Exercise objective
Without including any pictures, reproduce the full listing exactly.

Data extract
-*-*-

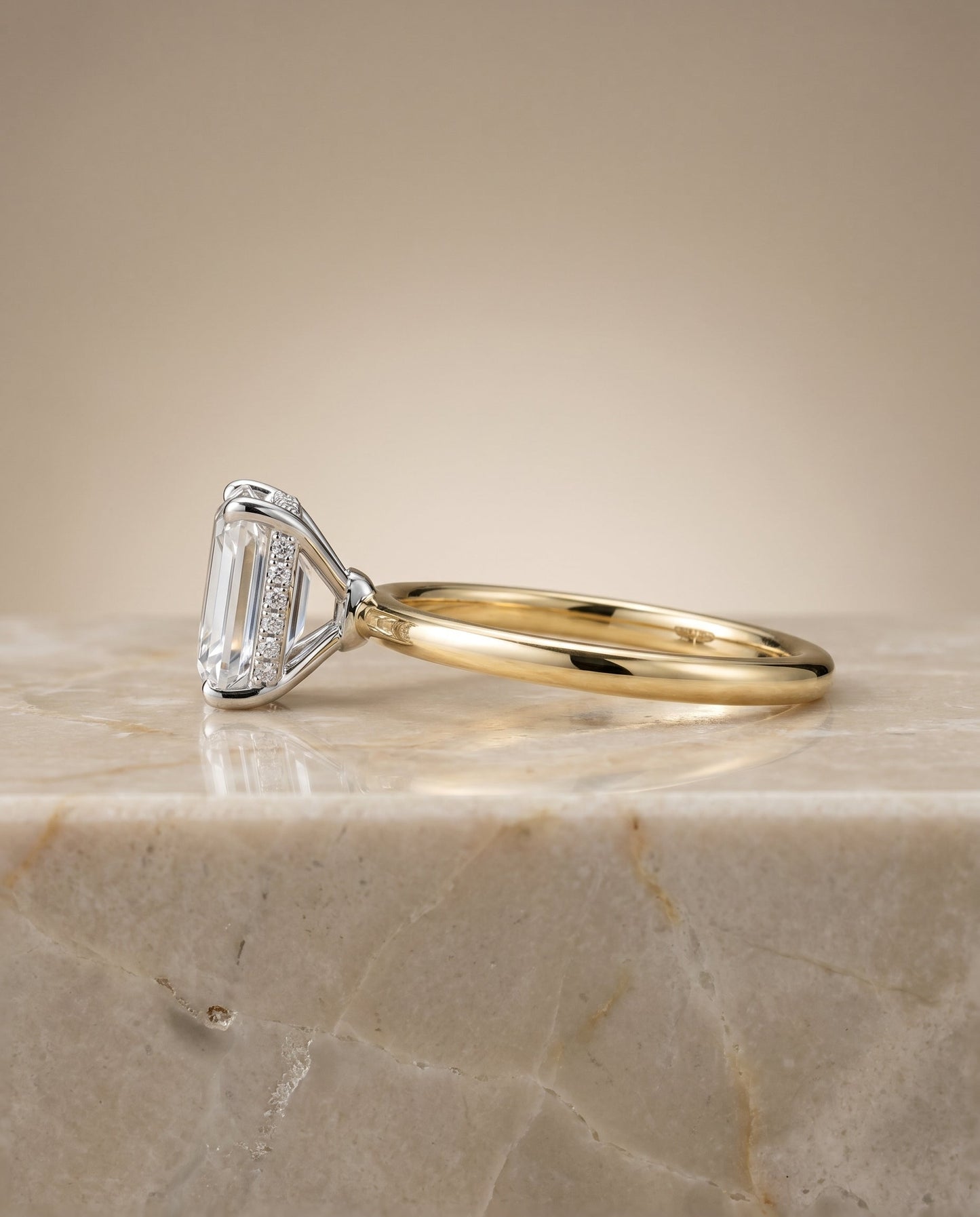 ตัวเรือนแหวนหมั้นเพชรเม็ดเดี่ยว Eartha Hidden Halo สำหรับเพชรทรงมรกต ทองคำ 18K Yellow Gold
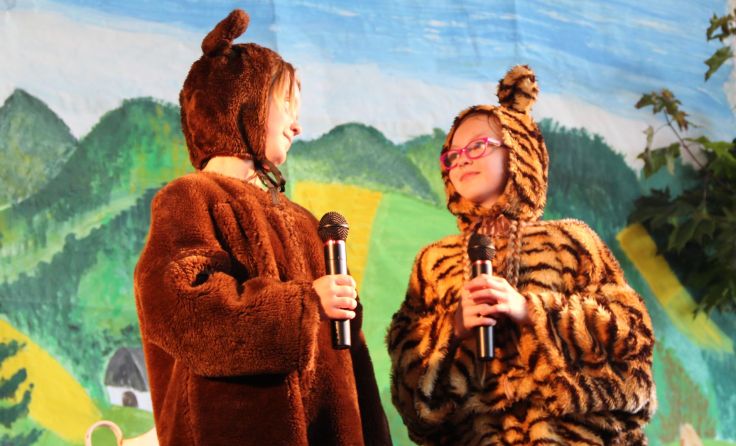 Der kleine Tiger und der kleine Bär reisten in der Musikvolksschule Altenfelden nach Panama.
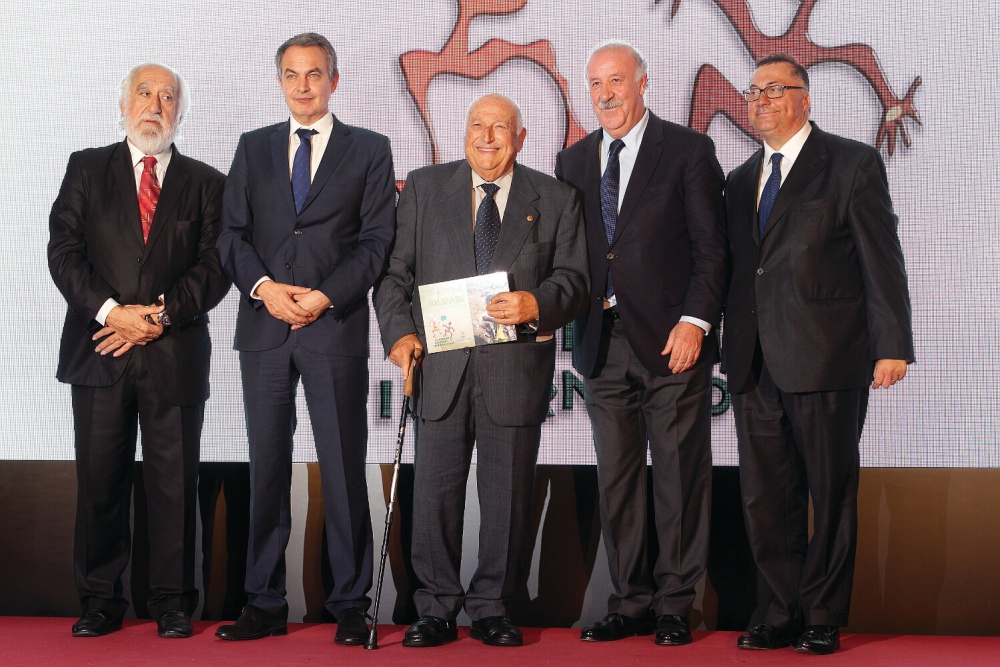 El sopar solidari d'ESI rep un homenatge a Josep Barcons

-*-*-

Written response
 ตัวเรือนแหวนหมั้นเพชรเม็ดเดี่ยว Eartha Hidden Halo สำหรับเพชรทรงมรกต ทองคำ 18K Yellow Gold
 Der kleine Tiger und der kleine Bär reisten in der Musikvolksschule Altenfelden nach Panama.
 El sopar solidari d'ESI rep un homenatge a Josep Barcons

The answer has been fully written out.